Rassismus dagegen taucht auch im neuen Untersuchungsauftrag nur in Hinblick auf Neonazis auf. Die Initiative NSU-Watch beobachtet den Prozess und die Untersuchungsausschüsse in Bund und Ländern. Sie kritisierten bereits im Rückblick auf die Arbeit des ersten Bundestagsuntersuchungsausschusses, dass die historische Chance vertan wurde, Rassismus in seiner gesellschaftlich institutionalisierten Form zu untersuchen. Derzeit sieht es nicht so aus, als würde das diesmal anders. Der Ausschuss wird im von allen Fraktionen unterzeichneten Untersuchungsauftrag aufgefordert, »nötigenfalls weitere Empfehlungen für (…) eine effektive Bekämpfung von Rassismus und Rechtsextremismus« auszusprechen.

Das ist zwar mehr, als vorherige Untersuchungsaufträge beinhalteten, der Auftrag nennt Rassismus jedoch auch hier in einem Zuge mit Rechtsextremismus und nicht in seiner institutionalisierten Form – im Behördenhandeln. Eine tatsächliche Aufklärung im NSU-Komplex ist dagegen nur möglich, indem der institutionelle Rassismus an zentraler Stelle thematisiert wird. Hierin sind sich Beobachter der Untersuchungsausschüsse einig mit den Angehörigen der Opfer und Teilen der Nebenklage. Ansonsten bleibt die parlamentarische Aufklärung bestenfalls an der Oberfläche. Im schlimmsten Fall dient sie der Reinwaschung der Behörden, ohne tatsächliche Missstände aufzudecken und ernsthafte Konsequenzen einzufordern.
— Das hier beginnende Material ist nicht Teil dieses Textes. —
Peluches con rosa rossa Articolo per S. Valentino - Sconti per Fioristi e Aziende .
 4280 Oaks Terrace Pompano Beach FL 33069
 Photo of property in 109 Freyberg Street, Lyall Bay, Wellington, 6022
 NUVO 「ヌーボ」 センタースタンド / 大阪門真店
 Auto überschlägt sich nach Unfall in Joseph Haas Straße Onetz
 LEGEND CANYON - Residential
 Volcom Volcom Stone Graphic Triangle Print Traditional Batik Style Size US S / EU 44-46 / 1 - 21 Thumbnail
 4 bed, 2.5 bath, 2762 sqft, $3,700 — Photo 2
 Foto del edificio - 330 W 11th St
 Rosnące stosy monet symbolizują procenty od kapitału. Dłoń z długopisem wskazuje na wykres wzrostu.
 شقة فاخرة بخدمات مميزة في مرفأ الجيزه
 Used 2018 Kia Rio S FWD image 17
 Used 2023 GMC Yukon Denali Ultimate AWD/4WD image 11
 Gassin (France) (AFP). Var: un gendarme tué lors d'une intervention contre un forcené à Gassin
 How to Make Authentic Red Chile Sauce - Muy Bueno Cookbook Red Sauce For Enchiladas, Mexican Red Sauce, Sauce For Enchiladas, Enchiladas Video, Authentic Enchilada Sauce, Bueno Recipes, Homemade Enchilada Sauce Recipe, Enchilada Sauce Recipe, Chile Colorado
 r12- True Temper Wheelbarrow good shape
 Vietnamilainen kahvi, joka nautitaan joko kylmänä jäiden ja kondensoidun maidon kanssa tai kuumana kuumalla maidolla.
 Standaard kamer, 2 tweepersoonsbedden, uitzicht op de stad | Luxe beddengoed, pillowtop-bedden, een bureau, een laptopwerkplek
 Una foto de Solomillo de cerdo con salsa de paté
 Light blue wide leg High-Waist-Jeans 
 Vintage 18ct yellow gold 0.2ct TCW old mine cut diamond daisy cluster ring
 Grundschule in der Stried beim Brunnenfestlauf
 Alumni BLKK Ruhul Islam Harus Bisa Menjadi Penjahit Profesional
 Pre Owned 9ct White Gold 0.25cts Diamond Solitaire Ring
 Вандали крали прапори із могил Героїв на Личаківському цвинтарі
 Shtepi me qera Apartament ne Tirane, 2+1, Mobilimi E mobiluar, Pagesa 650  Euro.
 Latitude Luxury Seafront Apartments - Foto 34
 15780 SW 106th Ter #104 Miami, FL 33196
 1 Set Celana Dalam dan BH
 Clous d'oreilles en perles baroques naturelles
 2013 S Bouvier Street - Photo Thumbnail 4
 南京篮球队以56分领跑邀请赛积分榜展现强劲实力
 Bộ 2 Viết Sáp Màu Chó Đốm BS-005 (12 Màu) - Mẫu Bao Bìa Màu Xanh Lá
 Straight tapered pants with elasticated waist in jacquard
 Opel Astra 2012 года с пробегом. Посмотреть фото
Doch bei aller Kritik an der Arbeit der Untersuchungsausschüsse ist die Einsetzung jedes einzelnen zu begrüßen – und als Chance für eine Aufklärung des NSU-Komplexes zu nutzen. Beate Zschäpe hat mit ihrer Einlassung vor dem Oberlandesgericht München einmal mehr demonstriert, dass sie als Hauptangeklagte im sogenannten NSU-Verfahren nicht an der Wahrheitsfindung mitwirken will. Umso wichtiger ist es also, dass neben der juristischen auch eine parlamentarische Untersuchung des NSU-Komplexes stattfindet. Arbeit und Ergebnisse des neuen Untersuchungsausschusses werden eine maßgebliche Rolle dafür spielen, wie auch künftig auf den NSU-Komplex geblickt wird – welche und vor allem wessen Narrative sich in der Geschichtsschreibung zur größten rechtsterroristischen Mordserie der Bundesrepublik durchsetzen werden. Ist es das lange vorherrschende Narrativ des NSU als in sich abgeschlossener Gruppe von drei Neonazis, von denen zwei heute tot sind? Oder das einer Beate Zschäpe, die von einer in sich abgeschlossenen Zelle von Uwe Mundlos und Uwe Böhnhardt spricht und sich selbst als die Nichtwissende inszeniert?
Neben den Analysen unabhängiger Experten war es nicht zuletzt der Abschlussbericht des ersten parlamentarischen Untersuchungsausschusses in Thüringen, der mit der Mär einer in sich geschlossenen Zelle dreier Neonazis im Untergrund aufräumte und auf das breite Netzwerk von Helfern und Helfershelfern hinwies. Dies hat den öffentlichen Diskurs über den NSU maßgeblich beeinflusst – und eröffnet Chancen für den Blick auf die Hintergründe des rechtsterroristischen Netzwerks.